** Opening Data for review block **

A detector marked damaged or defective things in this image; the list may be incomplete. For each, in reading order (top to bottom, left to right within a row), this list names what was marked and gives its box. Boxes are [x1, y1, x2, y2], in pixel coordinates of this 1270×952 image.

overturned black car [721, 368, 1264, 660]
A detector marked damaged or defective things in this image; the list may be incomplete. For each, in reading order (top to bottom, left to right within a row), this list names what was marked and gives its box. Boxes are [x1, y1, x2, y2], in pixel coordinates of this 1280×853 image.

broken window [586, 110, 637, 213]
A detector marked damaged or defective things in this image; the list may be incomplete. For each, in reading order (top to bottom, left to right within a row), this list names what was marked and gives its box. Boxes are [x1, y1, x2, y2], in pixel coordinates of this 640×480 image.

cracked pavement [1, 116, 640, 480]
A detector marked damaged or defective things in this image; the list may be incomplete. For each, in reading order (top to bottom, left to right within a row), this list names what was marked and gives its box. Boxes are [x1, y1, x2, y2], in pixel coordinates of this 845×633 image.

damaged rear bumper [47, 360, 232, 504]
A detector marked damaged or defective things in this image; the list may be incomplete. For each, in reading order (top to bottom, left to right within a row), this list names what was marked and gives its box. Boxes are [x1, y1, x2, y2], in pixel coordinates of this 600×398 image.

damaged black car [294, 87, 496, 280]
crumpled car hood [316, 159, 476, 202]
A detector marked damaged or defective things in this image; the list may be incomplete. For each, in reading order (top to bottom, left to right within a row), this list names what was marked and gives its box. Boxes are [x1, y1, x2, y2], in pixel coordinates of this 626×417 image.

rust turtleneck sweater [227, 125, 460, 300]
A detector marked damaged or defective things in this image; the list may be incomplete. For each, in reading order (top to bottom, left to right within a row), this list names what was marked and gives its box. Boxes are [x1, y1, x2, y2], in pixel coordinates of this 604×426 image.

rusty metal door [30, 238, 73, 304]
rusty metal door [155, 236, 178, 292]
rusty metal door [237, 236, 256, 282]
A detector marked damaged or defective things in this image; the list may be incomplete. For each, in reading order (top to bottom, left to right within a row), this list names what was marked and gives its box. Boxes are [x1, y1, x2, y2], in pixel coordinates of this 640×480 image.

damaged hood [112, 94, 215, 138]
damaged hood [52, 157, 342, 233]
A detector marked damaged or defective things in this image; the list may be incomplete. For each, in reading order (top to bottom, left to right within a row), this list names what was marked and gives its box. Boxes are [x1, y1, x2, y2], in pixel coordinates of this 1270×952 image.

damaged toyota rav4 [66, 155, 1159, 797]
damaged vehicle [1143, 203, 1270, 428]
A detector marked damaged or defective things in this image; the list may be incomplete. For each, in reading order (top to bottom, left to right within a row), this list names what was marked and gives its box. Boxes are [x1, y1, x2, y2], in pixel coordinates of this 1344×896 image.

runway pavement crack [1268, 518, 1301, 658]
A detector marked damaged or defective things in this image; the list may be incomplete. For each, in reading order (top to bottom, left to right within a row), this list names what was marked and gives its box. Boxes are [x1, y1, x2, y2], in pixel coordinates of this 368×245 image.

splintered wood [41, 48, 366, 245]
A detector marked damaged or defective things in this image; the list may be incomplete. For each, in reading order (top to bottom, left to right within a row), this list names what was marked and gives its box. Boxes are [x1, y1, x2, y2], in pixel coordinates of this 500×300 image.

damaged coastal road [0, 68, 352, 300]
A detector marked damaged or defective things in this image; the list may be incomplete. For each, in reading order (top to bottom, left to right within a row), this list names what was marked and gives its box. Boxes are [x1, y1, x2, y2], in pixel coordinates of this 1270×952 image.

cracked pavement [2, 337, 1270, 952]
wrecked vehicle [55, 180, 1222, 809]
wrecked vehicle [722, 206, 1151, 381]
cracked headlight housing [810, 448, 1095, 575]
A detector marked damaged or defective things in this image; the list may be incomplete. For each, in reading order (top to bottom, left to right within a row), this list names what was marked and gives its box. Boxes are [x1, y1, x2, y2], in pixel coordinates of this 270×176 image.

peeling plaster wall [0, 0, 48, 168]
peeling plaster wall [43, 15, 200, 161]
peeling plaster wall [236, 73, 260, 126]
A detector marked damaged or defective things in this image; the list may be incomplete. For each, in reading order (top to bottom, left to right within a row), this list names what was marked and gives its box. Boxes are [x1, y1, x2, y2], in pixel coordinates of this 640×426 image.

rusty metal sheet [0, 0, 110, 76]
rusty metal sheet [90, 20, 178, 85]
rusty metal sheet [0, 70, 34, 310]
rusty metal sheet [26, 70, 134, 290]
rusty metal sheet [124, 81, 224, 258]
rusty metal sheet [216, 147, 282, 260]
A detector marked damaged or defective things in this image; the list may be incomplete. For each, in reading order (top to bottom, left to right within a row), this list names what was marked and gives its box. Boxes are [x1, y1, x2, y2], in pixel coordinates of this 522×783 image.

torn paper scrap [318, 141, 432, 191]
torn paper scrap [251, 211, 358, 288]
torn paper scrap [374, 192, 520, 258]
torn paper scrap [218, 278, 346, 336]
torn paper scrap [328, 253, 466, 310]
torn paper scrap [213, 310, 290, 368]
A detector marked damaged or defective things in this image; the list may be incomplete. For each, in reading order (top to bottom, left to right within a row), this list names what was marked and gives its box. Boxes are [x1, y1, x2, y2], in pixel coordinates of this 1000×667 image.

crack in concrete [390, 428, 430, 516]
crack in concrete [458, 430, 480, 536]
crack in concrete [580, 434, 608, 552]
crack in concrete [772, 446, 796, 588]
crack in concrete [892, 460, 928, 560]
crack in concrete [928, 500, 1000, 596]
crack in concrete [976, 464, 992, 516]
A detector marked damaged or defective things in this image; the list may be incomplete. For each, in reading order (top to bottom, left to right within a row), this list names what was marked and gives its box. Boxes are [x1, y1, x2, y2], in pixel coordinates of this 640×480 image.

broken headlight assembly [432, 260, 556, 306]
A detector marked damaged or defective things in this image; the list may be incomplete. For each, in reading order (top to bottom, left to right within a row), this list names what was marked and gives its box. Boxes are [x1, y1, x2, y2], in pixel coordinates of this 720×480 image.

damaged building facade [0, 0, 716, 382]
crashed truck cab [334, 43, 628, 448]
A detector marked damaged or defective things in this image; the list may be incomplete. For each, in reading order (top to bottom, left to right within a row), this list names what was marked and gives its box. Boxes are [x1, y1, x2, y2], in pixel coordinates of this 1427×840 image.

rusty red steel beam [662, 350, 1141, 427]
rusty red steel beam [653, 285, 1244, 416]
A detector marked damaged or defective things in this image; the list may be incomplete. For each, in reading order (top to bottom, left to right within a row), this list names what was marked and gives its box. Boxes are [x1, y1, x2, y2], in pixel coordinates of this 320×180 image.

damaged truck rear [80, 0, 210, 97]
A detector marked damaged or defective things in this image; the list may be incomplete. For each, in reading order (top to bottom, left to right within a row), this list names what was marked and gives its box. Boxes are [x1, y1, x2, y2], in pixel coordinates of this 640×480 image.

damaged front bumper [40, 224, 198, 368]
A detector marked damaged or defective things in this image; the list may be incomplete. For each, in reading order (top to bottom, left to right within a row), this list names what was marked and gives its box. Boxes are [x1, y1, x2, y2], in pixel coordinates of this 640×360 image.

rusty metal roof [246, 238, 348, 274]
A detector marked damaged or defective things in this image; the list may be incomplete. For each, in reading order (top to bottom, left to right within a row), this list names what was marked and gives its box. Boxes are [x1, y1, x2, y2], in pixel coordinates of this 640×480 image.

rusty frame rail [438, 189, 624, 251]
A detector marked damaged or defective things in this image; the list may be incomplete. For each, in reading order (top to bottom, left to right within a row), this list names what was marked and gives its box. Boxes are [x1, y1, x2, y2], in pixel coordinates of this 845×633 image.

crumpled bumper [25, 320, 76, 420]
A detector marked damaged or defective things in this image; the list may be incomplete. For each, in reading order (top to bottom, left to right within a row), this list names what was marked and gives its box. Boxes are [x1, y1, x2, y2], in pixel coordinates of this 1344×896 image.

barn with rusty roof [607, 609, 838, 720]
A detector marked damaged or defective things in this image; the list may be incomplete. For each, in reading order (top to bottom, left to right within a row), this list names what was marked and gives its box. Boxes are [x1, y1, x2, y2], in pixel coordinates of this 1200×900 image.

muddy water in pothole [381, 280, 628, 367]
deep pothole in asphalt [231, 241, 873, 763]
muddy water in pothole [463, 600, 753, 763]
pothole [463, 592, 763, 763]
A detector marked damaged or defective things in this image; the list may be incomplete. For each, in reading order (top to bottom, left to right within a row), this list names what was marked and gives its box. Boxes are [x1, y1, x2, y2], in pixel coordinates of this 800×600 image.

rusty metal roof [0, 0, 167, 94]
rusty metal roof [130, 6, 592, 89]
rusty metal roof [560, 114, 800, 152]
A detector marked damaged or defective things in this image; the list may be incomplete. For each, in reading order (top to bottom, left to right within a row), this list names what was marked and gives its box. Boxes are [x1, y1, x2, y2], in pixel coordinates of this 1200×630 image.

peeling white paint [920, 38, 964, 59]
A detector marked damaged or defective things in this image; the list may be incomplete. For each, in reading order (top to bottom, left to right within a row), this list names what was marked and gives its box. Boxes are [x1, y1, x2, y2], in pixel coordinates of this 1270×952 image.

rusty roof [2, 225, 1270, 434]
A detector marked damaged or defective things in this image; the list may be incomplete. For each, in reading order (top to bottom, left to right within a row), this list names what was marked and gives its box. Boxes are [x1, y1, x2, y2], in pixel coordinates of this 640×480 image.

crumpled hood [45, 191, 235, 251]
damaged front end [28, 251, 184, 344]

** Closing Data for review block **

Exercise instructions: The line with "this 1200×900 image." through the last line of the entries above: output exactly those lines and nothing else.

Result of the task:
A detector marked damaged or defective things in this image; the list may be incomplete. For each, in reading order (top to bottom, left to right within a row), this list names what was marked and gives its box. Boxes are [x1, y1, x2, y2], in pixel coordinates of this 1200×900 image.

muddy water in pothole [381, 280, 628, 367]
deep pothole in asphalt [231, 241, 873, 763]
muddy water in pothole [463, 600, 753, 763]
pothole [463, 592, 763, 763]
A detector marked damaged or defective things in this image; the list may be incomplete. For each, in reading order (top to bottom, left to right within a row), this list names what was marked and gives its box. Boxes are [x1, y1, x2, y2], in pixel coordinates of this 800×600 image.

rusty metal roof [0, 0, 167, 94]
rusty metal roof [130, 6, 592, 89]
rusty metal roof [560, 114, 800, 152]
A detector marked damaged or defective things in this image; the list may be incomplete. For each, in reading order (top to bottom, left to right within a row), this list names what was marked and gives its box. Boxes are [x1, y1, x2, y2], in pixel coordinates of this 1200×630 image.

peeling white paint [920, 38, 964, 59]
A detector marked damaged or defective things in this image; the list may be incomplete. For each, in reading order (top to bottom, left to right within a row), this list names what was marked and gives its box. Boxes are [x1, y1, x2, y2], in pixel coordinates of this 1270×952 image.

rusty roof [2, 225, 1270, 434]
A detector marked damaged or defective things in this image; the list may be incomplete. For each, in reading order (top to bottom, left to right within a row), this list names what was marked and gives its box. Boxes are [x1, y1, x2, y2], in pixel coordinates of this 640×480 image.

crumpled hood [45, 191, 235, 251]
damaged front end [28, 251, 184, 344]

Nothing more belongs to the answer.